Of the 1157 articles located through hand searching and electronic databases, 27 studies met the inclusion criteria (Figure 1). No additional studies were located through contact with experts in the field. Twelve (44%) of the studies were conducted on male-only populations. Heterosexual men in the 27 studies tended to fall into 5 well-defined populations: drug users receiving treatment (3/27, 11%); injecting drug users out of treatment (2/27, 7%); patients of sexually transmitted disease clinics (9/27, 33%); men in the workplace (3/27, 11%); and students (6/27, 22%). Other populations of men included (in 1 study each) were African American men via outreach (ie, not attending clinic); prisoners; homeless men with psychiatric problems; and military men.

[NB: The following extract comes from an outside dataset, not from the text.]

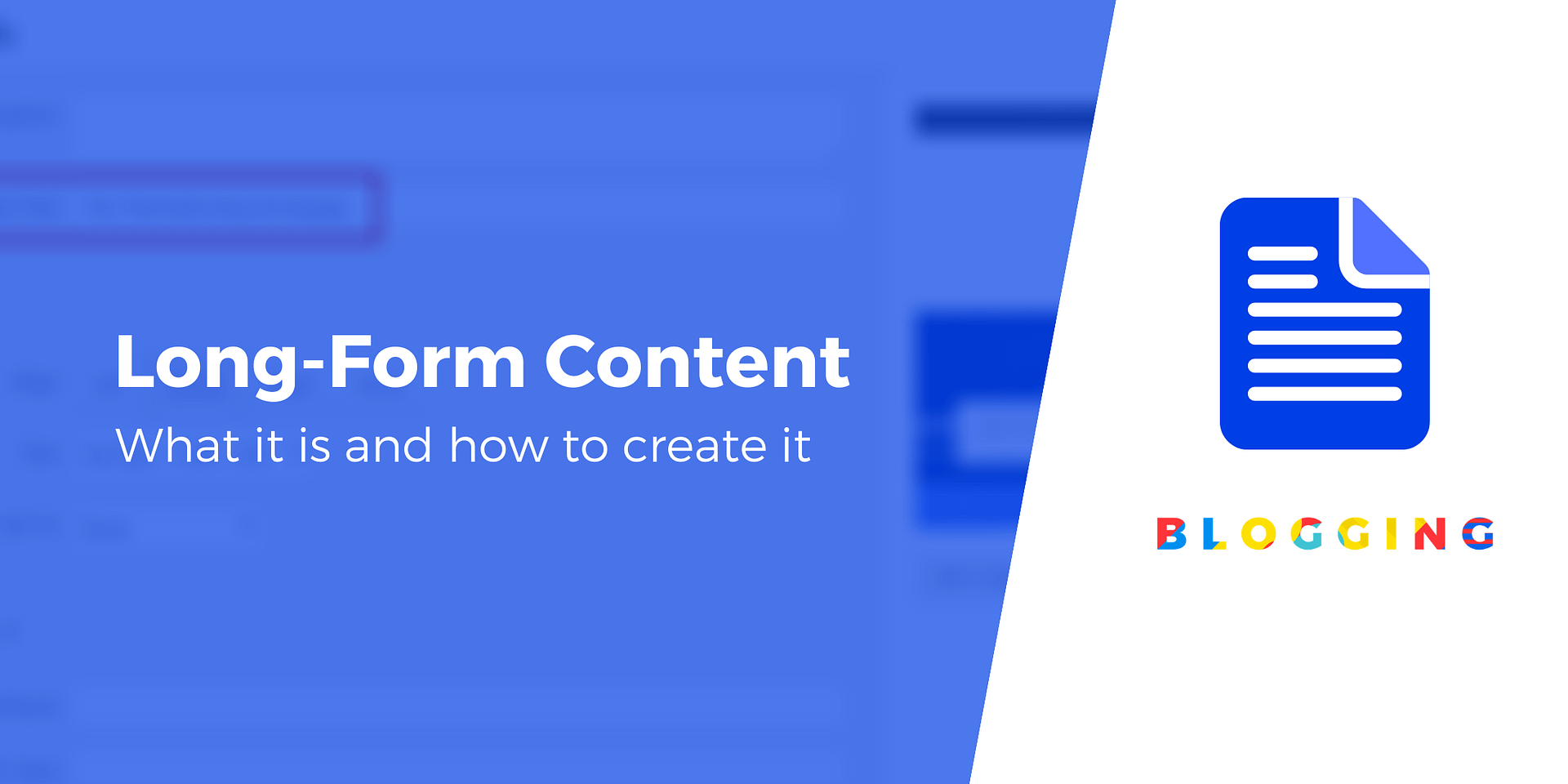 What Is Long Form Content And How To Create It Effectively In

Selection of interventions for systematic review.
Women were included in 15 (56%) of the studies. In 8 of these, the interventions addressed men and women in different groups, or men and women were given individual intervention sessions; in the other 7 studies, women and men were addressed together in groups.

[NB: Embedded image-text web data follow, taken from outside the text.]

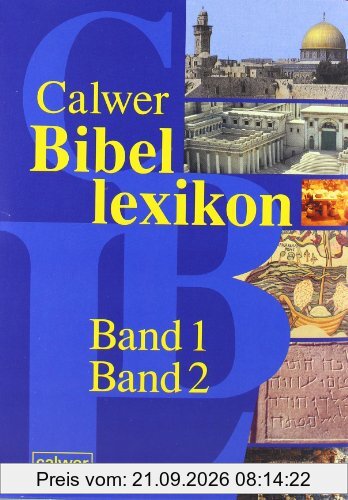 Calwer Bibellexikon.Band 1 und 2: 2 Bände.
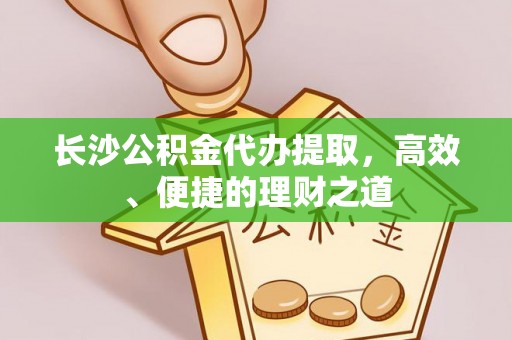 美浓长沙公积金代办提取，高效、便捷的理财之道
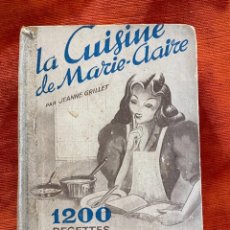 Libros de segunda mano: JEANNE GRILLET. LA CUISINE DE MARIE-CLAIRE. EDITIONS DE L´AMI, 1949. Lote 338929463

Most studies were North American, with 17 (63%) conducted in the United States. Eight (30%) of the 27 studies specifically targeted racial and ethnic minorities in US populations. Two studies were undertaken in Brazil, and 1 study each was conducted in Britain, Australia, India, Kenya, Mozambique, Namibia, Senegal, and Thailand.
Twenty studies included in the review were RCTs, and the other 7 were of a prospective experimental design. Six of these studies did not have a control or a comparison group.19- 24 No retrospective observational interventions were included in the review.
Eight studies (30%) evaluated morbidity outcomes (new HIV infection or new or reinfection of STI); 21 (78%) assessed behavioral outcomes (condom use, reduction in number of sex partners, and unprotected sex); and 15 (56%) assessed social psychological outcomes (attitudes toward condoms or HIV, intentions to use condoms or change risky behavior, knowledge of HIV and AIDS, self-efficacy of condom use, communication skills, and quality of sexual relationships).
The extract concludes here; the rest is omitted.